その授業が消化試合になったというのは、それまでの授業が観客と親会社をよろこばせるペナントレースになっていたということであり、選手である教師と子どもたちは学びを楽しめていなかったということである。ていうか、授業は授業として成り立っていなかったのであり、それを嘆く教師は子どもたちの学びの同志ではなかった。野球でいえば、チームメイトでも試合相手でもなかったのである。

 そういうアナロジーはともかく、一般入試が減ったせいで授業が消化試合と化したというのはその中学校の授業なるものがもとい教育としての授業ではなかったということである。それは県の入学者選抜の基本方針が示す「中学校教育が正常に運営されるよう」な配慮がなされていなかったことであり、おのれのエゴのために任務を怠り、職務を放棄する不忠者が跋扈していたと、僕は言いたい。

「でも、・・・」とか「だって、・・・」という弁明や、「じゃあ、お前がここへ来てやって見ろ!」という逆ギレとはつき合いたくない。但し、この人たちに同情の余地はある。ミシェル・フーコーによれば、権力は遍在するものであるからである。

 フーコーは「権力という語によってまず理解すべきだと思われるのは、無数の力関係であり、それらが行使される領域に内在的で、かつそれらの組織の構成要素であるようなものだ」と言う。権力は国家が上からかざしてくるものではなく、「行使される領域」、この場合、学校教育と考えていいだろう、その中の力関係だというのだ。そして、「一つの点から他の点への関係のあるところならどこにでも発生するから」権力は遍在する(いたるところにある)と言う。入試制度、教師と生徒、親と子、学歴と欲望、試験の点数による序列化、まっとうな授業と入試対策、・・・そういう力関係のなかで「受験」という権力が教師と親と子どもたちを支配し、中学校教育の運営を歪めてきたと考えれば、遍在する権力にもてあそばれた関係者を一方的に断罪するのはここでは控えたい。但し、今そのことに気づき、受験という権力を見直し、授業とは何か、中学校で学ぶべき知とはなにか、という教育の原点に立ち戻るべきではないか。

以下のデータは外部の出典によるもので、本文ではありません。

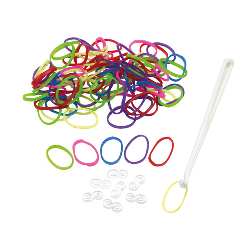 Gummib�nder-Set COLOURED CURLY, farbig - Werbeartikel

 もっとも、そういう授業を受けたことのない教師たちには授業を見直すということの意味自体想像を超えているのかもしれない。ただ、まっとうな授業に立ち戻るならば、消化試合はなくなるし、中学校三年三学期の終わるまで子どもたちはこの国の国民(市民)としての人格の完成と平和で民主的な国家及び社会の形成者たる成長を保証されるであろう(教育基本法)。